A Guide to Privacy Engineering APIs — Challenges and Guardrails

Sushim Mukul Dutta4/4/2023 6 Min Read

Borneo’s developer-first approach for fast-moving teams


~2.5 quintillion bytes of data are roughly created each day based on these statistics. Every year, 306.4 billion emails are sent, and 500 million Tweets are made. By the end of 2020, 44 zettabytes will make up the entire digital universe. By 2025, 200+ zettabytes of data will be in cloud storage around the globe. (Source: Tech Jury article)


In short, we are in the middle of a data tsunami!


The challenges of handling sensitive data are increasingly expanding for security practitioners with the growing scale and advancements in the field of technology, which include unlimited elastic cloud storage, real-time data collection, fast time-to-market, and constant pressure to ship new software and, most importantly, the dynamic nature of the regulatory environment.

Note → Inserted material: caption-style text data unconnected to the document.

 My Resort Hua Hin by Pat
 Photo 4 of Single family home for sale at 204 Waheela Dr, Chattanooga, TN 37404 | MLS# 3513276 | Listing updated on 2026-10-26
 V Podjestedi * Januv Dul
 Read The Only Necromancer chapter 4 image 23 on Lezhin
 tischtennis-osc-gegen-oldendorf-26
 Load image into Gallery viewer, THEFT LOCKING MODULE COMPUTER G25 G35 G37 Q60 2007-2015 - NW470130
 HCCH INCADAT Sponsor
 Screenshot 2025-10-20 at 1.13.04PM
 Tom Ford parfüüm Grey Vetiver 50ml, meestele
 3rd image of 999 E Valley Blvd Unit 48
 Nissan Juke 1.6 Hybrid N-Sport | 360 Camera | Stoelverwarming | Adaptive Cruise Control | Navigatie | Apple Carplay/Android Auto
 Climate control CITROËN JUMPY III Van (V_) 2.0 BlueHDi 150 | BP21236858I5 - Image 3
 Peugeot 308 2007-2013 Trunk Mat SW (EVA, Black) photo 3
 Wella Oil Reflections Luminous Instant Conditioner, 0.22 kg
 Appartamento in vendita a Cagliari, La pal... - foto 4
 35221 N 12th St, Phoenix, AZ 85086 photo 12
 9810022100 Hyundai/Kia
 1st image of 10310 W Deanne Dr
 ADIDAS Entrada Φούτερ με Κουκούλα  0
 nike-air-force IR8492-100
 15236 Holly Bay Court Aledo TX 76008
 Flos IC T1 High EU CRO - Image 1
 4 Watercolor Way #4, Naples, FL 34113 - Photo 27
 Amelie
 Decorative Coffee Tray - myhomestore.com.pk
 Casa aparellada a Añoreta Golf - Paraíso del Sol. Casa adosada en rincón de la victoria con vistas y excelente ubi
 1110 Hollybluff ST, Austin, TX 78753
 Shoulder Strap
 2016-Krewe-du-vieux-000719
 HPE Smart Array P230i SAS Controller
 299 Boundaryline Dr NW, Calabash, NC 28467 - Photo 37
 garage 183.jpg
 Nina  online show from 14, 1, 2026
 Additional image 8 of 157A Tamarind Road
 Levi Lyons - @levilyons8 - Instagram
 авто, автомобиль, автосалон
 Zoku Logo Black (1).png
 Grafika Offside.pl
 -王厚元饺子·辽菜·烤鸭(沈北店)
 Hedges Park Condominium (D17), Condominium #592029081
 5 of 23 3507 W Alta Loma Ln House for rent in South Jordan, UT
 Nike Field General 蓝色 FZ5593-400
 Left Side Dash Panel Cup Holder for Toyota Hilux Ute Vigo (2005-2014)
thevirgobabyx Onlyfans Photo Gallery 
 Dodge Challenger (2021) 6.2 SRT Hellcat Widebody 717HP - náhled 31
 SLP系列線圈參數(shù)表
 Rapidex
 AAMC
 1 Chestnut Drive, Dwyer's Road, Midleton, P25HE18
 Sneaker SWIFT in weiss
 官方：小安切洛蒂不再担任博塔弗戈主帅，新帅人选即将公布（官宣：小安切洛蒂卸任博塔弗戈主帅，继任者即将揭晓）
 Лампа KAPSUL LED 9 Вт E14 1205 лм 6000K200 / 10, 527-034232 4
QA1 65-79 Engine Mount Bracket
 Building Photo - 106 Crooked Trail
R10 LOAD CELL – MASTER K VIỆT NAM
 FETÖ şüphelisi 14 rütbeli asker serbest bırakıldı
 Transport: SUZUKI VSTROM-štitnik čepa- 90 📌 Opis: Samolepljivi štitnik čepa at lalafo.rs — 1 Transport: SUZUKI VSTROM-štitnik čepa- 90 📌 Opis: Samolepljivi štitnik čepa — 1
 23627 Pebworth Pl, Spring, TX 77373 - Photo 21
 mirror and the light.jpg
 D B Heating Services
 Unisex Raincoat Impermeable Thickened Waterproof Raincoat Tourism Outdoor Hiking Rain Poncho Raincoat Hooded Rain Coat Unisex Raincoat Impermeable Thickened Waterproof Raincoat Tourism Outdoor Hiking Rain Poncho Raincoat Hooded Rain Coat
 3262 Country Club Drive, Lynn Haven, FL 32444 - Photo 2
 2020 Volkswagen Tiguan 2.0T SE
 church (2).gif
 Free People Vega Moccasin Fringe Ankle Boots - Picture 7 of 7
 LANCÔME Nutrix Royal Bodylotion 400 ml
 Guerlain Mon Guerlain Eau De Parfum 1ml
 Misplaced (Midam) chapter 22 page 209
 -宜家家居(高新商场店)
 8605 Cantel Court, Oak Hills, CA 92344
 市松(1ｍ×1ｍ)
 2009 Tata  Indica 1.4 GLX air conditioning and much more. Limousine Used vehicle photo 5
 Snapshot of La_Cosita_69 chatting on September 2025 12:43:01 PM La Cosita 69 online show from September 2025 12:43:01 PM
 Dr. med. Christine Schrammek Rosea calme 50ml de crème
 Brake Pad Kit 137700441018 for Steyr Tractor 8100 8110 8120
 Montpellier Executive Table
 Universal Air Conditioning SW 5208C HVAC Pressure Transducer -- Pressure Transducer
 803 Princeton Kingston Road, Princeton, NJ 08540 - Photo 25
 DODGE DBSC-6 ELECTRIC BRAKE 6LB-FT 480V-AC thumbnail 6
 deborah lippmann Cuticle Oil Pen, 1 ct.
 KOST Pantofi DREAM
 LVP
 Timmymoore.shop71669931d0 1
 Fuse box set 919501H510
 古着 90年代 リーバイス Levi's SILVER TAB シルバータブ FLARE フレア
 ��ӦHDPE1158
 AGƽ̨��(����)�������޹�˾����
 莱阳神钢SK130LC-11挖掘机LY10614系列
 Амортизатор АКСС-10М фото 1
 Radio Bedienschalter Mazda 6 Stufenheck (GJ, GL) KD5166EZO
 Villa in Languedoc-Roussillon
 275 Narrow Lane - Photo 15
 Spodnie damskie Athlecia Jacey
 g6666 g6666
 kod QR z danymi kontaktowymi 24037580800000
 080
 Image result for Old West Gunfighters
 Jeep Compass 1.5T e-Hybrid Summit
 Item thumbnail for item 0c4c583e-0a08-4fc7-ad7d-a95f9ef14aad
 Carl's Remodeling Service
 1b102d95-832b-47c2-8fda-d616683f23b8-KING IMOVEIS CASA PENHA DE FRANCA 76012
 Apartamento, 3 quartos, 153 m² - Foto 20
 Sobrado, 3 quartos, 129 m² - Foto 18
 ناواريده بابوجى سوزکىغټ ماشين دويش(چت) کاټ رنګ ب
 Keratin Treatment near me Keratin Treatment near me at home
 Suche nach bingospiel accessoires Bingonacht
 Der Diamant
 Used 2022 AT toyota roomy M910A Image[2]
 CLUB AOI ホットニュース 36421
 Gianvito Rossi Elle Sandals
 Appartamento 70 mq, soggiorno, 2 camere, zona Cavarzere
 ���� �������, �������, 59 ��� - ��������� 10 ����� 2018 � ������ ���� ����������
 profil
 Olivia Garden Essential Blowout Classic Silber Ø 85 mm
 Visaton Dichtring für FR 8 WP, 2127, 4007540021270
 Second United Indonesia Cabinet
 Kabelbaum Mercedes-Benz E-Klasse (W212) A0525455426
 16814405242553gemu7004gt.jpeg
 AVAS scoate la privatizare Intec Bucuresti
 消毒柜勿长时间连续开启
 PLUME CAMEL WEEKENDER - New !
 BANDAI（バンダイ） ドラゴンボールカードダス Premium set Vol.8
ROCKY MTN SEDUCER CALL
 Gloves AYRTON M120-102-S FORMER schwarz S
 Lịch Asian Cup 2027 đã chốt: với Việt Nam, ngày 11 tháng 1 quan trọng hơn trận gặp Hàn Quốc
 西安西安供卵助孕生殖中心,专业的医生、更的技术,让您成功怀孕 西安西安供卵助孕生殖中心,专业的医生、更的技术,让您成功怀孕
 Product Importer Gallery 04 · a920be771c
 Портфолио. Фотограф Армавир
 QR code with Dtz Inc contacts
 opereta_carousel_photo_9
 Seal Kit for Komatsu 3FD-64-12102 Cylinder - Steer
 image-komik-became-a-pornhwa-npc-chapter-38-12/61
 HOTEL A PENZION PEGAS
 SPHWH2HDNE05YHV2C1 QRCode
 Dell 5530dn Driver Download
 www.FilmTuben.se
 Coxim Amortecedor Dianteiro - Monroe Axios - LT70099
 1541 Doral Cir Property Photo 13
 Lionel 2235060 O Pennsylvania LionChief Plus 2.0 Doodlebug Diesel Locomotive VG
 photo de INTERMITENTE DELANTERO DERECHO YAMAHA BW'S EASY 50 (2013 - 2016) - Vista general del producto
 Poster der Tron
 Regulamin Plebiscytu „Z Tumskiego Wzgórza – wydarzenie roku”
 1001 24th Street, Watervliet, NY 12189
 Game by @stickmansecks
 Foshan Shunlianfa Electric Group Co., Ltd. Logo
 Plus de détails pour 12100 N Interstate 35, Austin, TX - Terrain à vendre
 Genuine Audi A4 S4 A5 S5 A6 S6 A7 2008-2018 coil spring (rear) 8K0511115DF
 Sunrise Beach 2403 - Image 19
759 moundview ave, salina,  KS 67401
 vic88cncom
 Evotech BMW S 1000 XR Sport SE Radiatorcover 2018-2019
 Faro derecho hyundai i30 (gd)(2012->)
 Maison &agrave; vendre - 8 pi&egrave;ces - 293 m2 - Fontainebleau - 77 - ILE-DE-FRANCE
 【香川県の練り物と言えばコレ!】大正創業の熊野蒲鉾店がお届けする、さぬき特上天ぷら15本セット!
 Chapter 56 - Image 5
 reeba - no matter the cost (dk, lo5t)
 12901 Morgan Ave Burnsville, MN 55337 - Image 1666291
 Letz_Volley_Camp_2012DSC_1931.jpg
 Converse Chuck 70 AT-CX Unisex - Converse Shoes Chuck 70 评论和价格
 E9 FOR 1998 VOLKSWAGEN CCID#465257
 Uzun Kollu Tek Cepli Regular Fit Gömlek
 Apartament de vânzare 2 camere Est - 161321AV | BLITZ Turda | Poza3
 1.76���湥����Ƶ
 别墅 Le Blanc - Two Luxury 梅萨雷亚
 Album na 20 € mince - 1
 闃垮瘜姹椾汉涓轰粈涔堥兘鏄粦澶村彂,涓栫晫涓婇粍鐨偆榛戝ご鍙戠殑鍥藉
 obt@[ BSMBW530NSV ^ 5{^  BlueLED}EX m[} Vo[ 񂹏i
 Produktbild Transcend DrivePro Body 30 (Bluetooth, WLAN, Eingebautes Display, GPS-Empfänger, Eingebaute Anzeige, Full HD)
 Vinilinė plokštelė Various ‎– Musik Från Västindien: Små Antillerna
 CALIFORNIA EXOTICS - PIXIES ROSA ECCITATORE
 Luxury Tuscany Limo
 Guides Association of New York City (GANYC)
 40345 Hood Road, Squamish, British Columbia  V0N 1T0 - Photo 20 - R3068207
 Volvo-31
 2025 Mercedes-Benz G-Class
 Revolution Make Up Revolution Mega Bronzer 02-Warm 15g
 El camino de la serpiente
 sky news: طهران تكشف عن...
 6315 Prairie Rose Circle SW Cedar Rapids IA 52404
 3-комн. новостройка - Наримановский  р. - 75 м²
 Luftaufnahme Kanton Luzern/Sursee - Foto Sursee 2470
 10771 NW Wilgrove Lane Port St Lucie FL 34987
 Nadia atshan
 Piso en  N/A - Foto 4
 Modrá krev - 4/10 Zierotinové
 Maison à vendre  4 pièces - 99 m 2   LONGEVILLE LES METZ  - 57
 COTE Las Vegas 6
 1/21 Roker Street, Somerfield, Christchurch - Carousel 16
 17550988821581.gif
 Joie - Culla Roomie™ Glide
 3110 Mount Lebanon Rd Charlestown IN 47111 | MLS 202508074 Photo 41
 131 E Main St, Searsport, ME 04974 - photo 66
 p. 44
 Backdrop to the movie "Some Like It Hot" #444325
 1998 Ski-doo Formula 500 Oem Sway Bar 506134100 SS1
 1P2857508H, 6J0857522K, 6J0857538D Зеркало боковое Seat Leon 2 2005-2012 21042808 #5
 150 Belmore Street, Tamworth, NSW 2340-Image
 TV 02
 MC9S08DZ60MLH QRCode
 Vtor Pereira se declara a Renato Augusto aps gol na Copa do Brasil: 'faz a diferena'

Even so now, it's becoming alarmingly urgent for practitioners to understand what data is flowing in and out of any application or platform, to ensure data privacy norms are adhered to.

There has been a considerable number of instances (Biggest Data Breaches, 5 major modern data breaches) where data breaches happened due to publicly available APIs. If we look closely at the problem, the APIs allowed oversharing of data. While there is a number of solutions to manage authentication and access of public APIs, the moot problem of data oversharing via authenticated source is still something that is left untackled.


So why not just stop public API access using anomaly detection and call it a day?


The answer is simple, it doesn't work.


Many micro and mid-scale companies rely on the smooth functioning of a lot of third-party APIs, mostly for transactions or servicing the need of their end-users. For example, Facebook's Graph API, which includes location information, hosting data, contact details is being actively used by over 3 million websites directly, and hence these services are expected to have an uptime of higher than 99.99%. Thereby taking down publicly available APIs harms the business value proposition, as well as the brand's reputation.

In addition to the above, by the time the anomaly is detected, it's already too late, as a considerable chunk of unauthorized data may have been exploited even before the anomaly was found.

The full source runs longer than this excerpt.